The vehicle rolling closer to the curb reminds me that I'm still at the airport outside, so taking small strides towards the cab, I realize I still have a couple days in Denmark to spend with my mom.

Not wanting to be upset about something I couldn't change, I made a lazy attempt to distract myself. I jumped inside of the cab, told the man where I needed to be, and we sped off.

As we went along, the beauty of Denmark really surprised me; with being around Elliot, I wasn't able to see the true attraction in this beautiful country. The lush shades of green for the grass all around, the soft shades of blue from the water, the different bright reds of bricks on the historic buildings. Nothing could be more beautiful than Denamrk.

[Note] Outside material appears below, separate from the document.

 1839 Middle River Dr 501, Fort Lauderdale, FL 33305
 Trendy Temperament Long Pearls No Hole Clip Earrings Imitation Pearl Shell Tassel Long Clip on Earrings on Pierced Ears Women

Pulling me out of my trance of admiration, twenty minutes later, we arrived to the the hotel, signaling for me to get out of the car. Grabbing a $20, knowing it will be more than enough, I hurried out, not forgetting to say thank you.

Now not being distracted, all the despair hit me like a truck on steroids. Walking to the front door of the hotel, I felt sorrowful, feeling how much I missed Elliot, not knowing if this was karma for what I've done wrong in the past. I had finally found someone who cared about me just as much as I cared and worried about him. My mom used to say everything happens for a reason, but I don't really believe that for a second. how could my soulmate leaving me have a reason for anything in my life? We had seen eachother every day these past 3-4 days, and it was magical; not really expecting anything from eachother. We talked nonsop through everything, and I realized, I still know half the things normal people who have a sex and said "I love you" to eachother would, but what should I expect?

Surrounded with my thoughts and without realizing it, I had arrived outside my mom's hotel door and have yet to knock on the door, for the first time this whole trip, forgetting my key cards on Elliot's night stand. I raised my hand, knocked quietly, and waited for my mom open the door, so I can tackle her in a big hug and cry in her shoulder. That is exactly what I did, and all she did was pull me onto the bed and hug me tighter.

"I wish the feeling would go away, Mama. It hurts so much; it needs to go away now. Please help it leave me; its painful!" I cried to my mother, not letting her go for a second.

"It will be okay! We will get through this together, baby boy, all of us. You have me, everyone at the cafe, and Blessing and Colby. Now tell, what's actually wrong?" Mom said, in such a soothing voice, it made more tears burst from my eyes.